* The problem *
Please retype the records below exactly as they appear, leaving out every picture.

•••

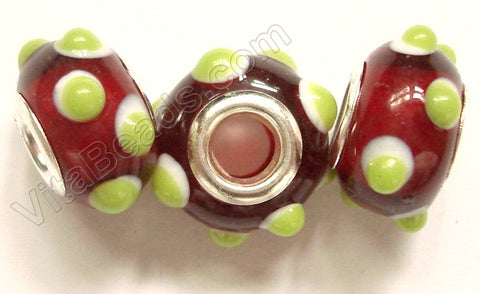 Glass Beads - Silver Plate Double Cores Drum pdg 129 - Red
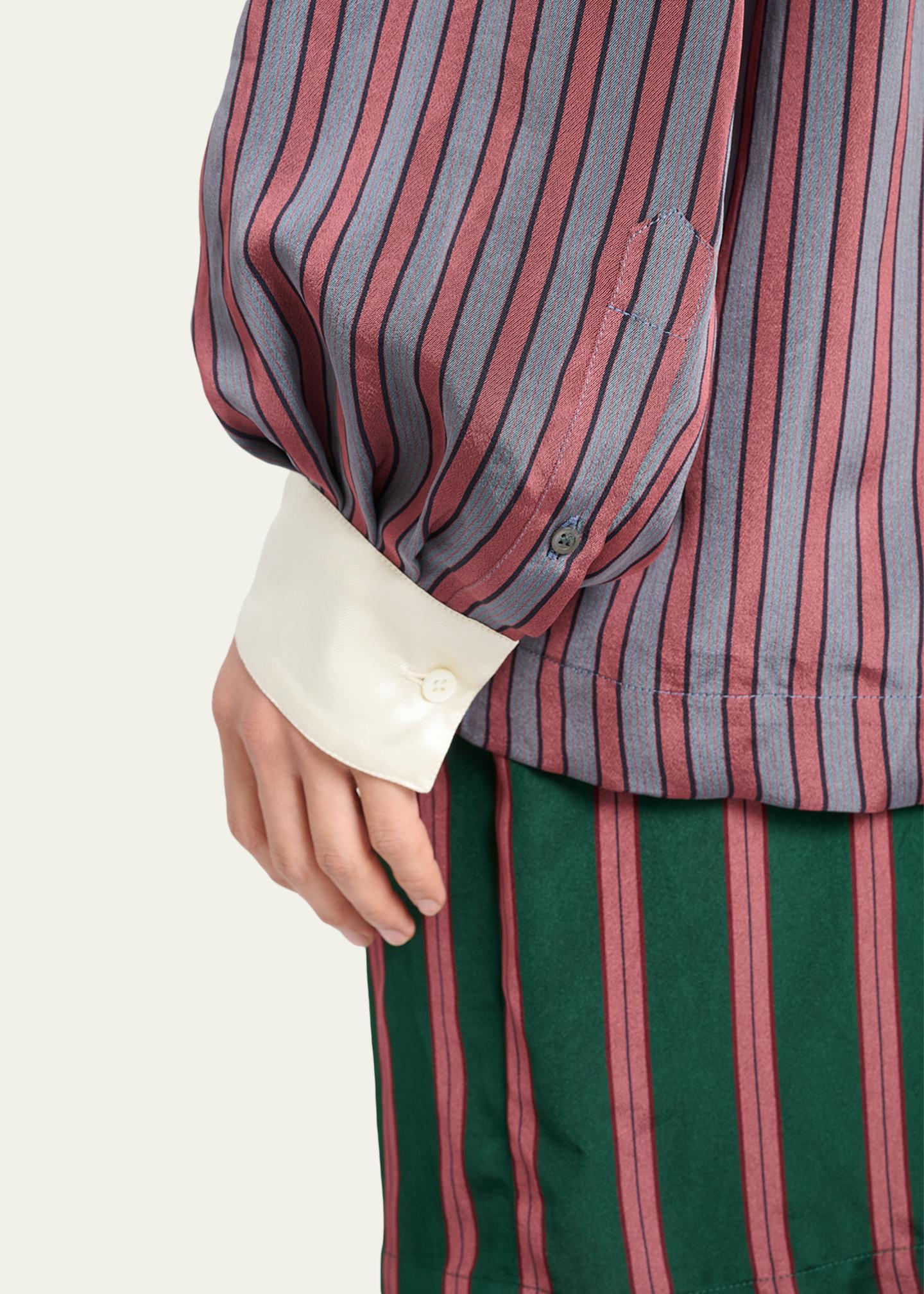 Dries Van Noten Men's Striped Viscose-Blend Shirt - Bergdorf Goodman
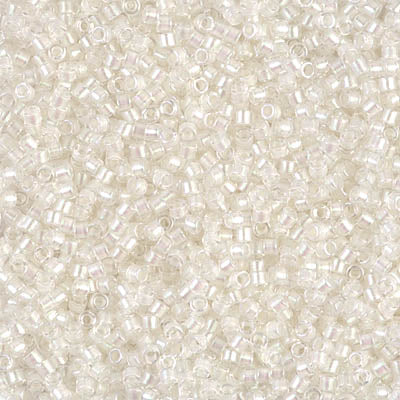 DB1701- 11/0 Pearl Lined Transparent Pale Beige AB Miyuki Delica Beads (50 Gm, 250 Gm)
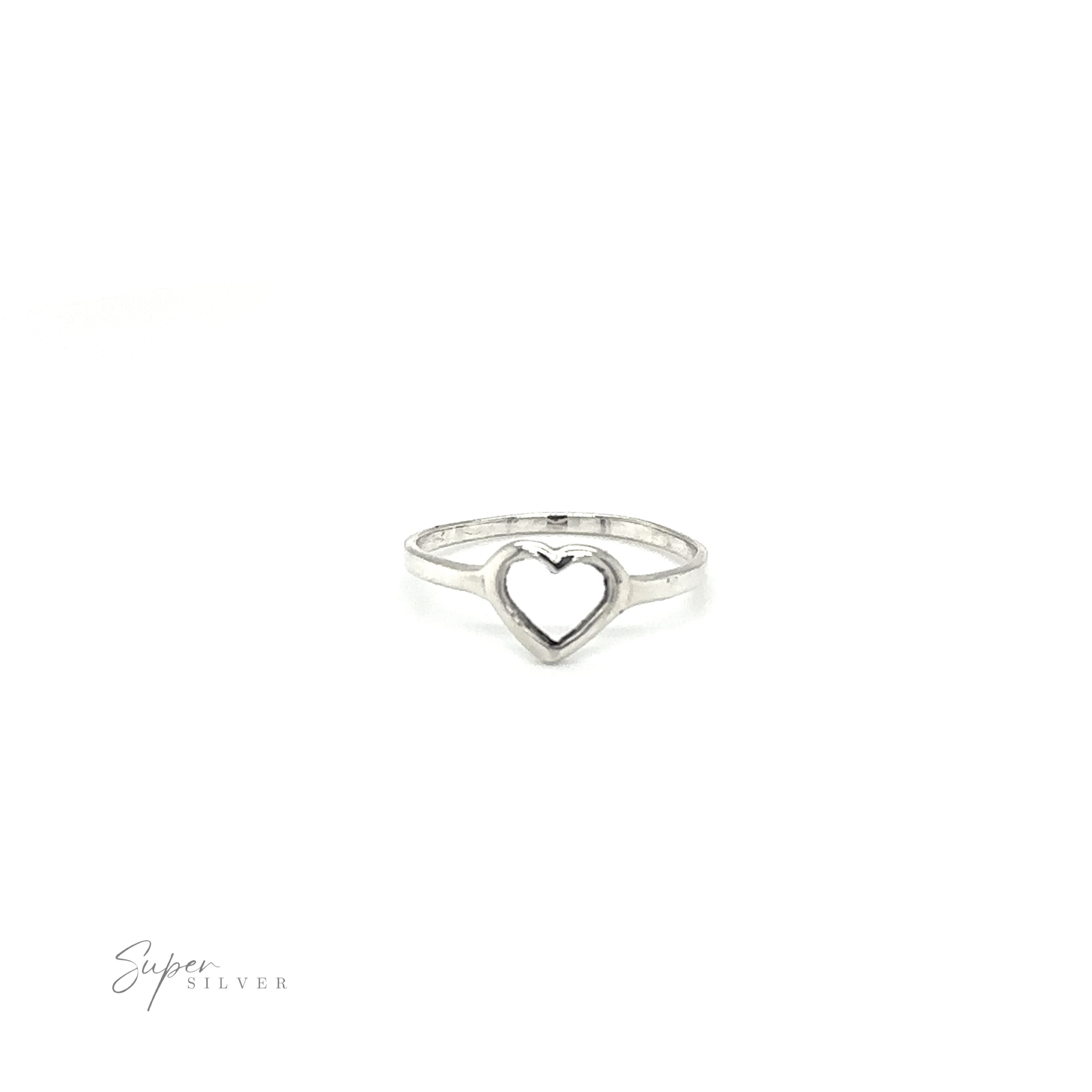A delicate heart outline ring on a white background.
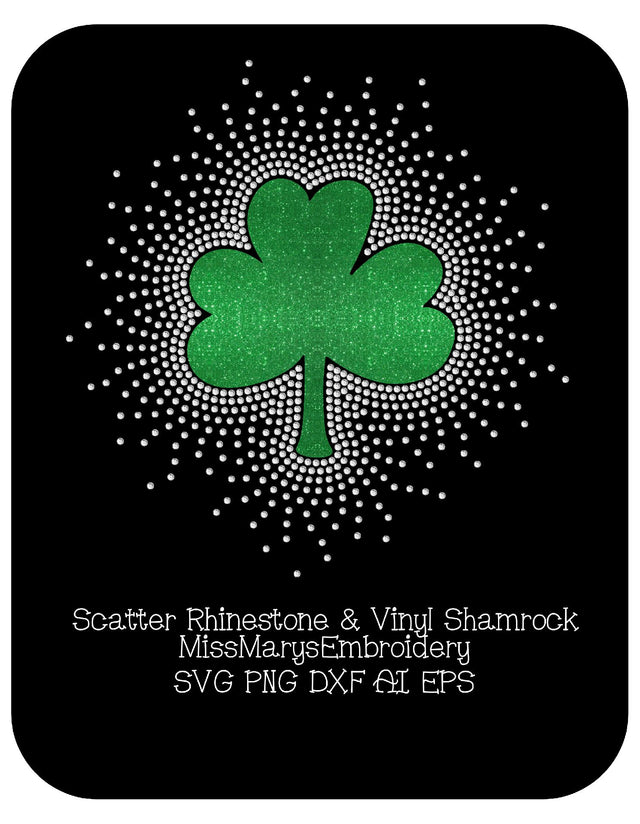 Scatter Vinyl & Rhinestone Shamrock SVG MissMarysEmbroidery 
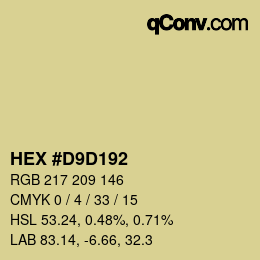 Código de color: HEX #D9D192 | qconv.com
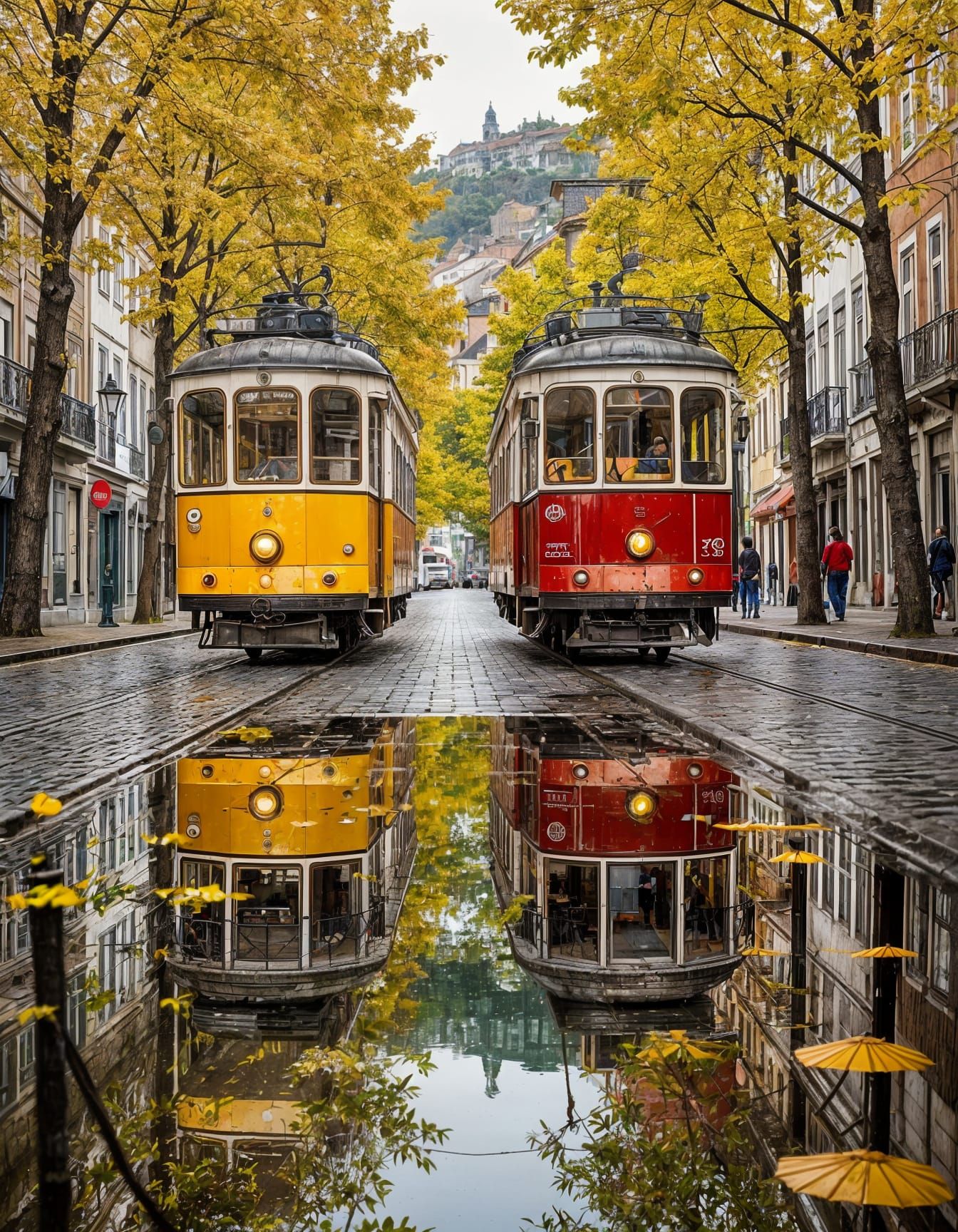 Vintage Trams Reflected in Porto Puddle, Autumn Leaves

•••

* Task output *
 Glass Beads - Silver Plate Double Cores Drum pdg 129 - Red
 Dries Van Noten Men's Striped Viscose-Blend Shirt - Bergdorf Goodman
 DB1701- 11/0 Pearl Lined Transparent Pale Beige AB Miyuki Delica Beads (50 Gm, 250 Gm)
A delicate heart outline ring on a white background.
 Scatter Vinyl & Rhinestone Shamrock SVG MissMarysEmbroidery 
 Código de color: HEX #D9D192 | qconv.com
 Vintage Trams Reflected in Porto Puddle, Autumn Leaves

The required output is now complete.